Tout le monde voit midi à sa porte. En France, la république semble inséparable - et elle n'est toujours pas séparée - de la Révolution. Aussi n'est-il pas malsain de traverser la Manche pour observer une autre généalogie de la modernité. Un siècle plus tôt, en Angleterre, tout semble commencer avec Cromwell, comme la Révolution en France. Le même idéalisme, la même violence, la même mise à mort du roi. Mais la Glorieuse Révolution ouvre à l'Angleterre moderne un destin de paix et de prospérité qui fera bientôt d'elle la première puissance mondiale. Locke est bel et bien le théoricien de ce destin. Républicain sincère marqué par la tradition puritaine, lecteur de Milton, il reprend l'argumentation qui fonde la liberté de conscience sur la finitude humaine. Contemporain de Newton, il assiste à l'émergence de la science moderne. Son ami le physicien Robert Boyle est le président de la Royal Society, où les idées de la Renaissance trouvent un relais dans la franc-maçonnerie.

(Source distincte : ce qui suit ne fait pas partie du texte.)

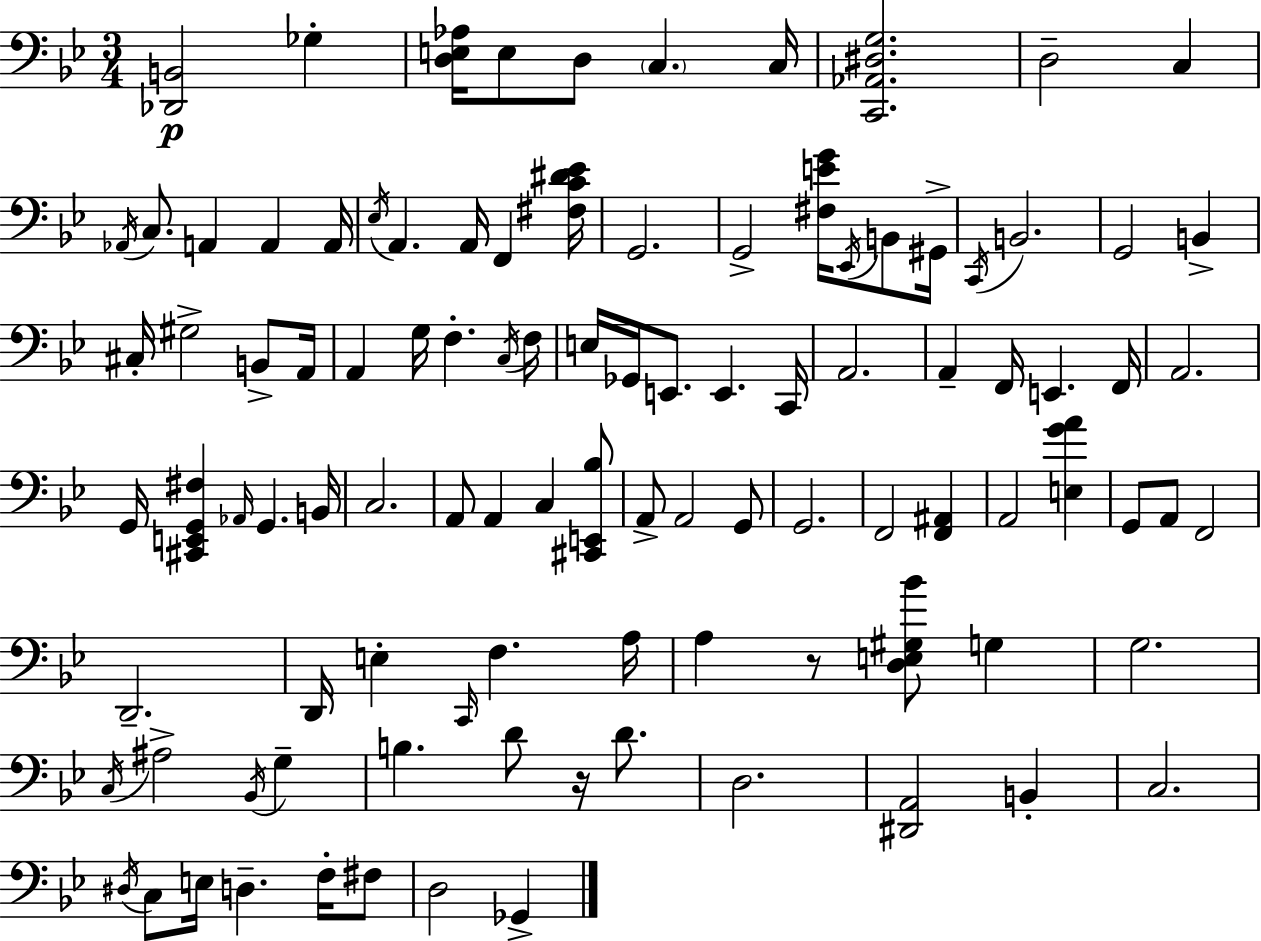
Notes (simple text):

[Db2,B2]/h Gb3/q [D3,E3,Ab3]/s E3/e D3/e C3/q. C3/s [C2,Ab2,D#3,G3]/h. D3/h C3/q Ab2/s C3/e. A2/q A2/q A2/s Eb3/s A2/q. A2/s F2/q [F#3,C4,D#4,Eb4]/s G2/h. G2/h [F#3,E4,G4]/s Eb2/s B2/e G#2/s C2/s B2/h. G2/h B2/q C#3/s G#3/h B2/e A2/s A2/q G3/s F3/q. C3/s F3/s E3/s Gb2/s E2/e. E2/q. C2/s A2/h. A2/q F2/s E2/q. F2/s A2/h. G2/s [C#2,E2,G2,F#3]/q Ab2/s G2/q. B2/s C3/h. A2/e A2/q C3/q [C#2,E2,Bb3]/e A2/e A2/h G2/e G2/h. F2/h [F2,A#2]/q A2/h [E3,G4,A4]/q G2/e A2/e F2/h D2/h. D2/s E3/q C2/s F3/q. A3/s A3/q R/e [D3,E3,G#3,Bb4]/e G3/q G3/h. C3/s A#3/h Bb2/s G3/q B3/q. D4/e R/s D4/e. D3/h. [D#2,A2]/h B2/q C3/h. D#3/s C3/e E3/s D3/q. F3/s F#3/e D3/h Gb2/q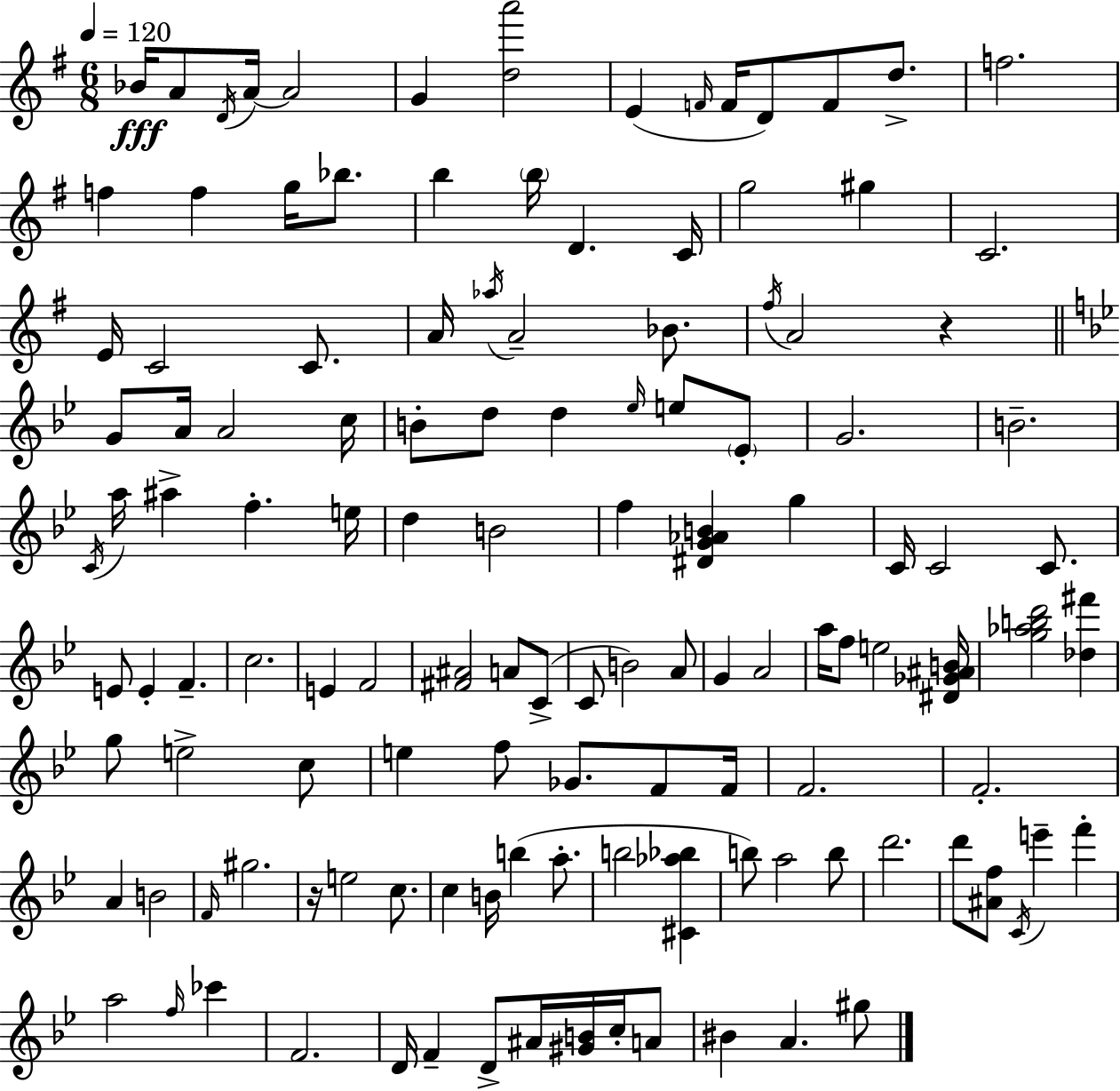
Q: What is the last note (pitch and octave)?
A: G#5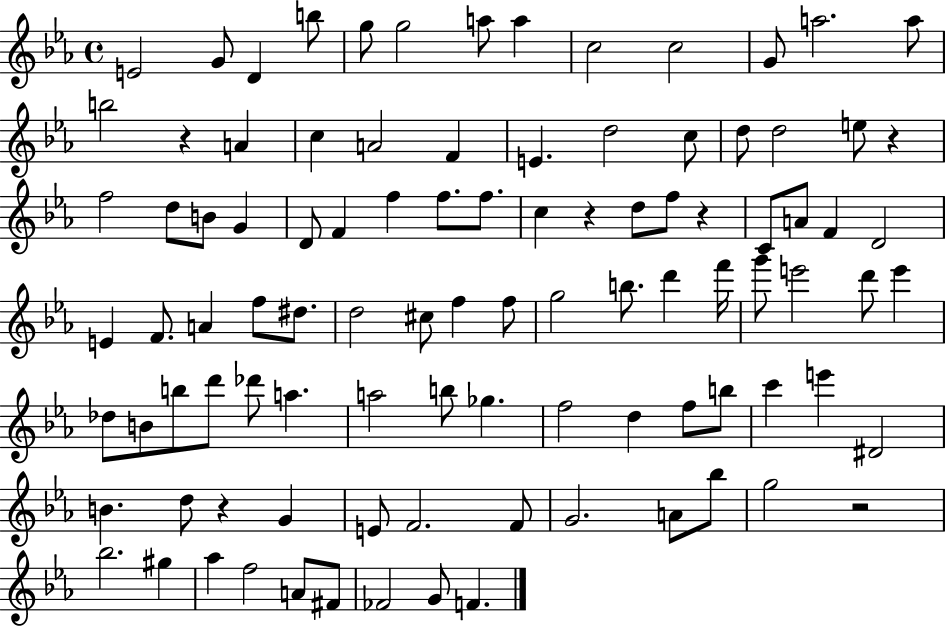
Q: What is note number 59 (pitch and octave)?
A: B4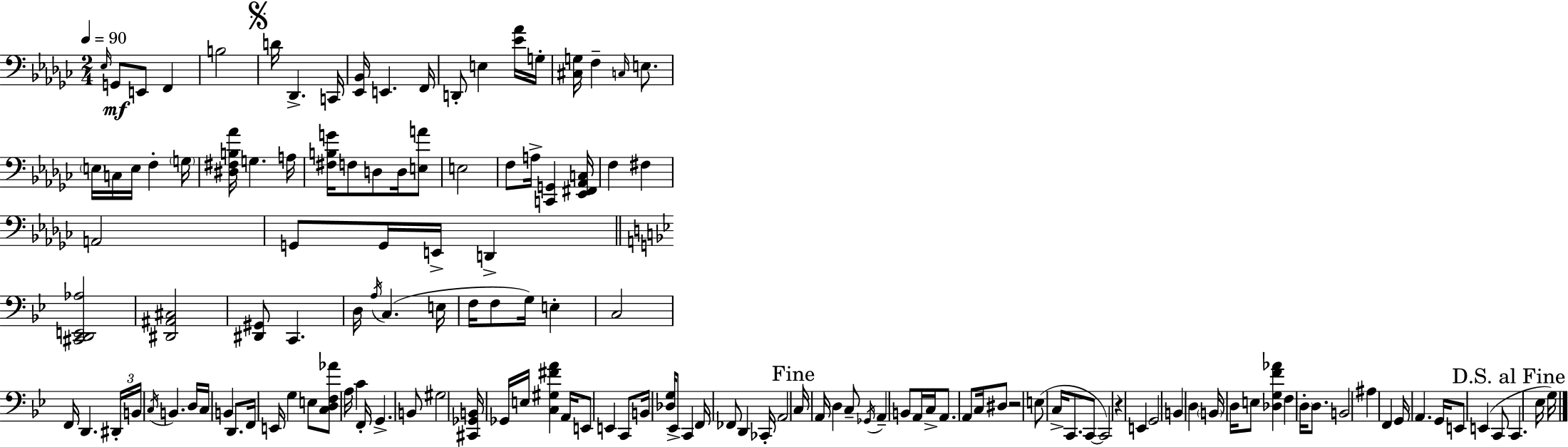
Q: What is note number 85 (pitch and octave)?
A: Gb2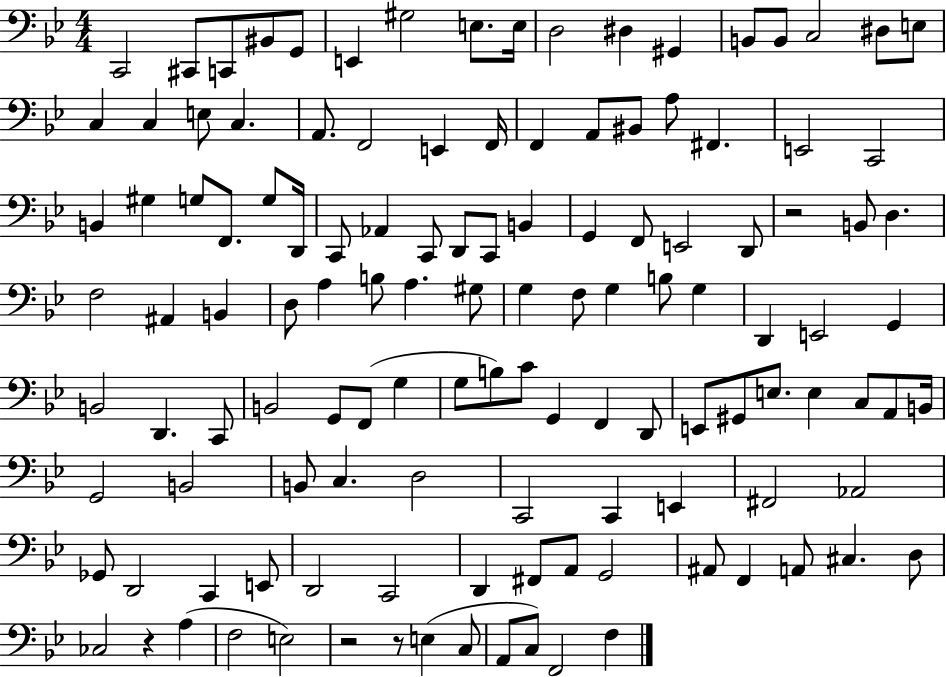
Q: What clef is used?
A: bass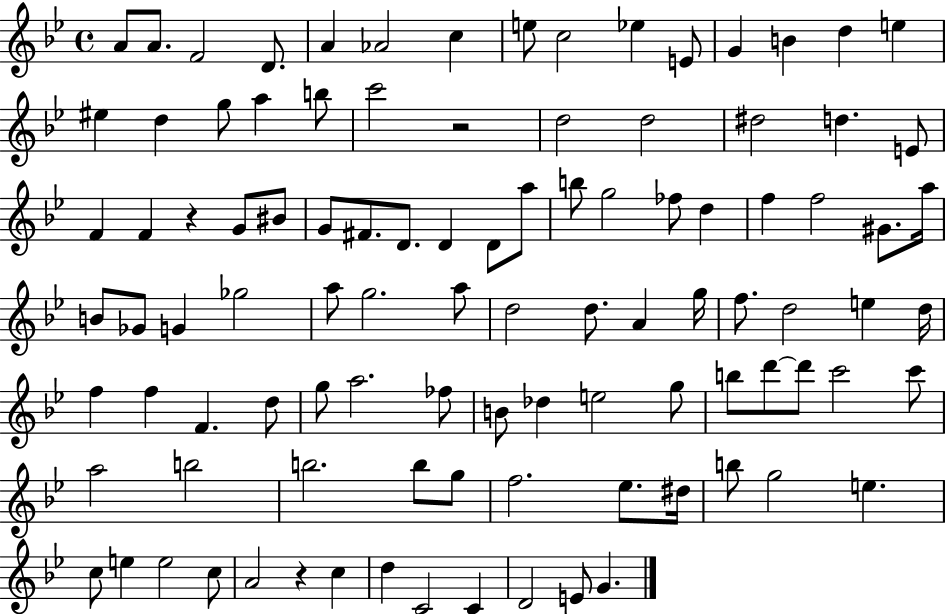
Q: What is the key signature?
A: BES major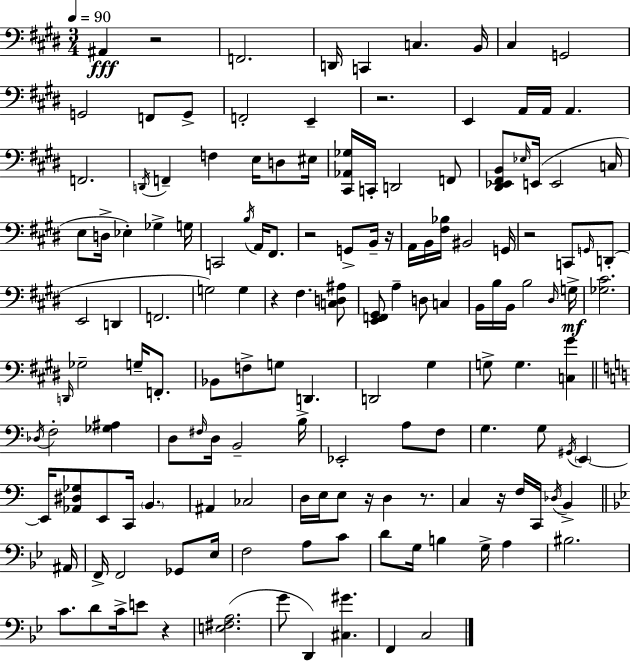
{
  \clef bass
  \numericTimeSignature
  \time 3/4
  \key e \major
  \tempo 4 = 90
  ais,4\fff r2 | f,2. | d,16 c,4 c4. b,16 | cis4 g,2 | \break g,2 f,8 g,8-> | f,2-. e,4-- | r2. | e,4 a,16 a,16 a,4. | \break f,2. | \acciaccatura { d,16 } f,4-- f4 e16 d8 | eis16 <cis, aes, ges>16 c,16-. d,2 f,8 | <dis, ees, fis, b,>8 \grace { ees16 } e,16( e,2 | \break c16 e8 d16-> ees4-.) ges4-> | g16 c,2 \acciaccatura { b16 } a,16 | fis,8. r2 g,8-> | b,16-- r16 a,16 b,16 <fis bes>16 bis,2 | \break g,16 r2 c,8 | \grace { g,16 }( d,8-. e,2 | d,4 f,2. | g2) | \break g4 r4 fis4. | <c d ais>8 <e, f, gis,>8 a4-- d8 | c4 b,16 b16 b,16 b2 | \grace { dis16 } g16->\mf <ges cis'>2. | \break \grace { d,16 } ges2-- | g16-- f,8.-. bes,8 f8-> g8 | d,4. d,2 | gis4 g8-> g4. | \break <c gis'>4 \bar "||" \break \key a \minor \acciaccatura { des16 } f2-. <ges ais>4 | d8 \grace { fis16 } d16 b,2-- | b16-> ees,2-. a8 | f8 g4. g8 \acciaccatura { gis,16 } \parenthesize e,4~~ | \break e,16 <aes, dis ges>8 e,8 c,16 \parenthesize b,4. | ais,4 ces2 | d16 e16 e8 r16 d4 | r8. c4 r16 f16 c,16 \acciaccatura { des16 } b,4-> | \break \bar "||" \break \key bes \major ais,16 f,16-> f,2 ges,8 | ees16 f2 a8 c'8 | d'8 g16 b4 g16-> a4 | bis2. | \break c'8. d'8 c'16-> e'8 r4 | <e fis a>2.( | g'8 d,4) <cis gis'>4. | f,4 c2 | \break \bar "|."
}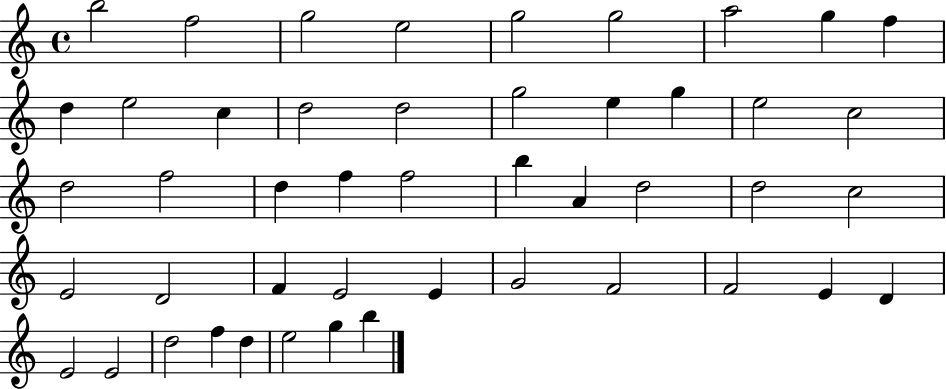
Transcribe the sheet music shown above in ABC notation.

X:1
T:Untitled
M:4/4
L:1/4
K:C
b2 f2 g2 e2 g2 g2 a2 g f d e2 c d2 d2 g2 e g e2 c2 d2 f2 d f f2 b A d2 d2 c2 E2 D2 F E2 E G2 F2 F2 E D E2 E2 d2 f d e2 g b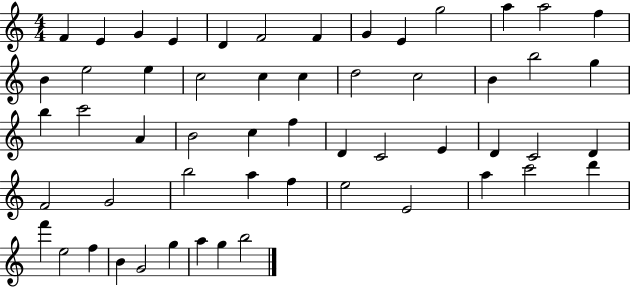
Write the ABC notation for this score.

X:1
T:Untitled
M:4/4
L:1/4
K:C
F E G E D F2 F G E g2 a a2 f B e2 e c2 c c d2 c2 B b2 g b c'2 A B2 c f D C2 E D C2 D F2 G2 b2 a f e2 E2 a c'2 d' f' e2 f B G2 g a g b2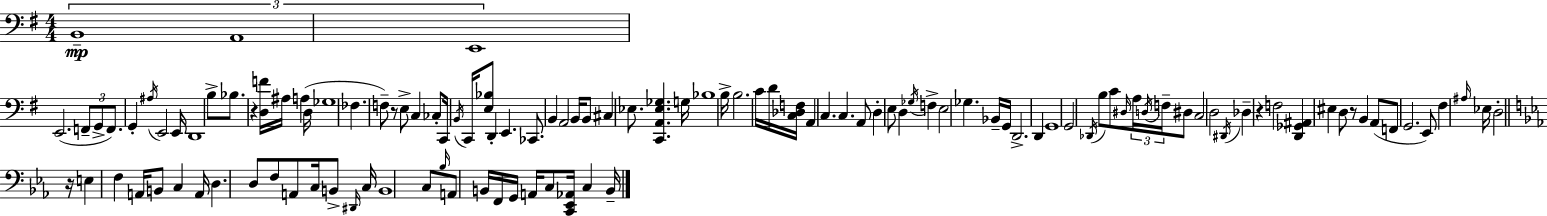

Insensiblement, le flot du biblicisme puritain s'écoule et s'infléchit dans un idéal humanitaire où les religions sont considérées avec le même intérêt et la même tolérance. Les différentes factions religieuses ayant servi de point d'appui aux partis politiques au XVIIe siècle, la reconnaissance de la tolérance et l'exaltation de la pluralité invalident la lutte à mort des partis.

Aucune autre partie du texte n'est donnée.